As referências de Jesus ao inferno,
como o castigo eterno dos ímpios, formam reconhecidamente um dos temas
dominantes do ensino dele, como pode ser claramente visto acima. Contudo, Rob
Bell afirma contra todas as evidências que Jesus falou muito mais do sofrimento
real que as pessoas têm aqui neste mundo. É claro que o Senhor Jesus se
preocupou com o sofrimento presente, mas consistentemente, como pode ser visto
nas passagens acima, ele nos avisa que o sofrimento eterno é muito pior.

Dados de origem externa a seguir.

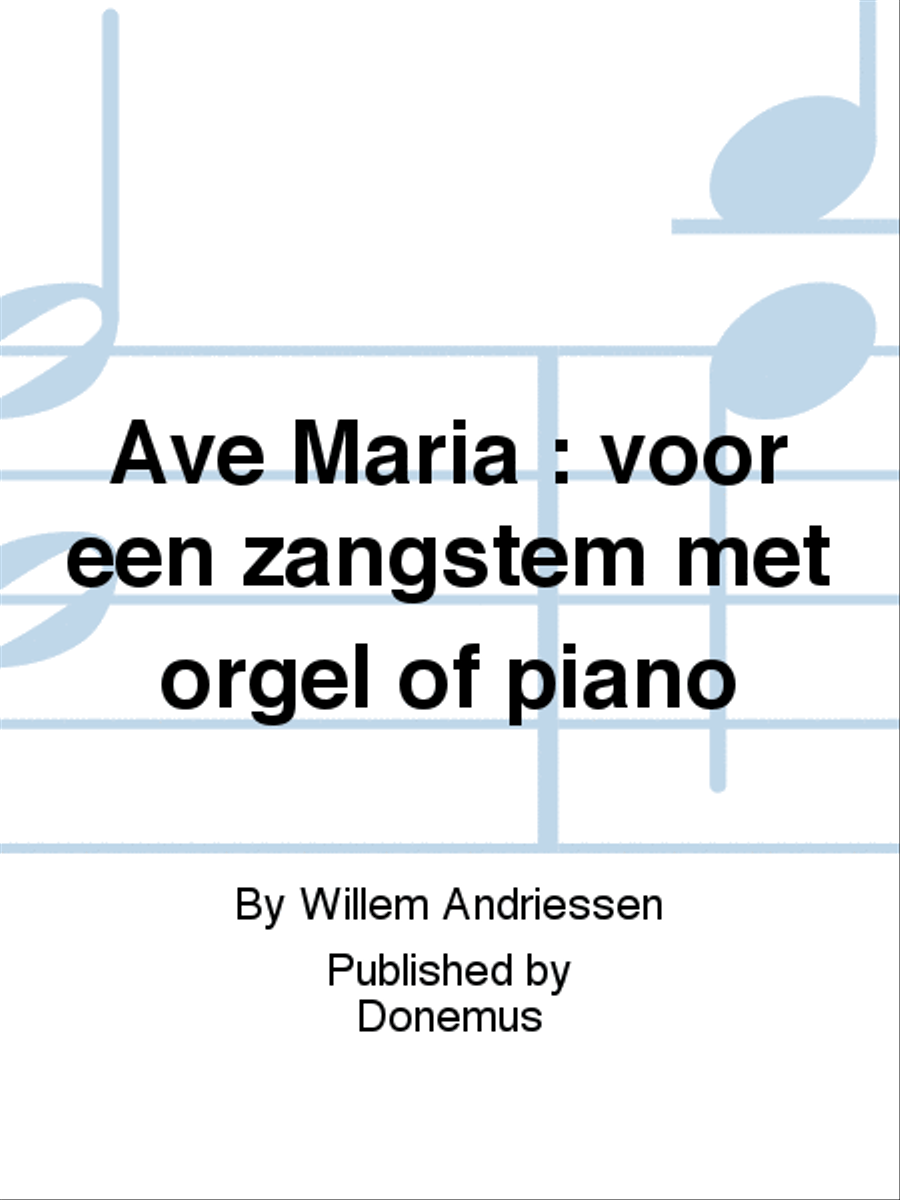 Ave Maria : voor een zangstem met orgel of piano Alto Voice scores gallery preview page 1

O que espanta é o uso seletivo que
Rob Bell faz das palavras de Jesus. Ele ignora por completo todas as passagens
cima em que Jesus fala do inferno mas se refere à fala dele sobre os sofrimentos
físicos. Bell fala várias vezes na mensagem de amor pregada por Jesus. Mas, de
onde ele tirou estas informações acerca da pregação de Jesus? Só pode ter sido
do Novo Testamento, o único documento que a preservou. Mas, então, por que ele
ignora uma das maiores ênfases da pregação de Jesus, que foi o castigo eterno
preparado para os ímpios?
Se Rob Bell diz que não podemos ter
certeza de que o céu e o inferno existem, como ele pode ter certeza, então, que
Jesus pregou sobre o amor e o sofrimento das pessoas neste mundo? Estas coisas
todas estão no Novo Testamento. É evidente a interpretação enviesada,
preconceituosa e selecionada que ele faz, conservando as passagens que lhe
interessam e rejeitando as que o contradizem.

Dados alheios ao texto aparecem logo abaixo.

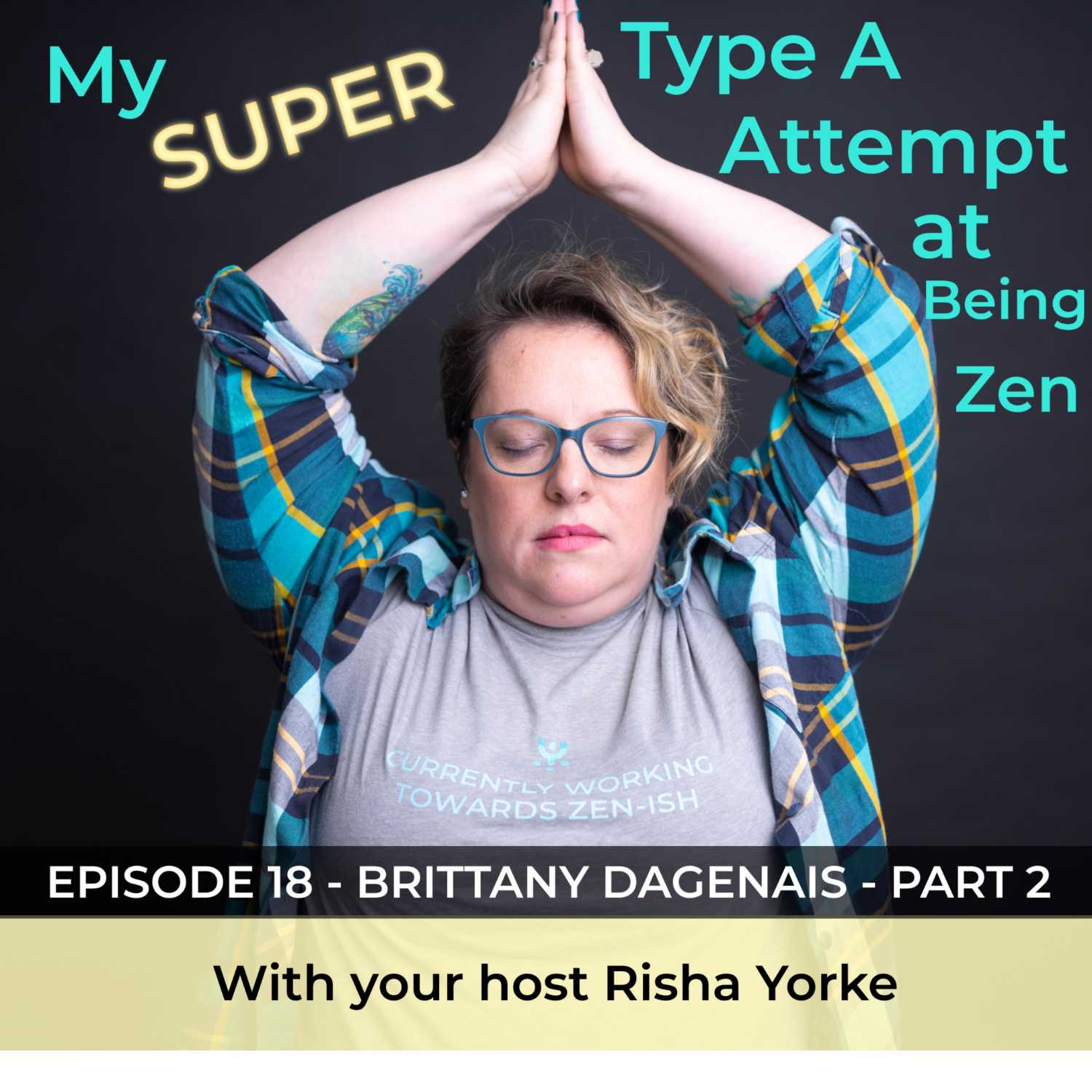 My Super Type A Attempt at Being Zen hosted by Risha Yorke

Outra razão para as contradições de
Rob Bell é a sua base epistemológica. Ele declara: “nunca fiquei preocupado com
sistema doutrinário, nunca me empenhei em ter confirmação de meu dogma.” Tudo
bem. Mas, então, o que ela pensa sobre céu e inferno é o que? Para mim, é
sistema doutrinário e dogma. É teologia. Mas, onde ele baseia suas ideias,
enfim? A resposta é surpreendente: “tive alguns encontros meus, profundos, com o
amor de Deus que tiveram sobre mim, digamos, um impacto pré-cognitivo.” Parece
que ele teve algumas experiências que serviram para orientar a sua teologia.
Aqui o ensino das Escrituras passou longe, como única regra de fé e prática.

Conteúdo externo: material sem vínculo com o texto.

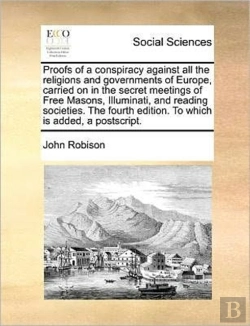 Bertrand.pt - Proofs Of A Conspiracy Against All The Religions And Governments Of Europe, Carried On In The Secret Meetings Of Free Masons, Illuminati, And Reading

Bell é mais um daqueles hereges que apela para suas experiências como fonte de
autoridade. Nada novo aqui.
E deve ser por isto que o conceito
dele sobre Deus é tão equivocado. Deus é amor, diz Bell. Por isto, a salvação
universal deve ser o ponto de partida. Para ele, é “incompreensível um cristão
que não considera a salvação universal como a melhor saída, a melhor história”.
O erro deste raciocínio, evidentemente, é não levar em conta que Deus também é
justo, verdadeiro, santo e reto. Não se pode separar os atributos de Deus e não
podemos considerá-lo a partir de um destes atributos somente. O amor de Deus
deve ser levado em conta juntamente com a sua santidade e sua justiça.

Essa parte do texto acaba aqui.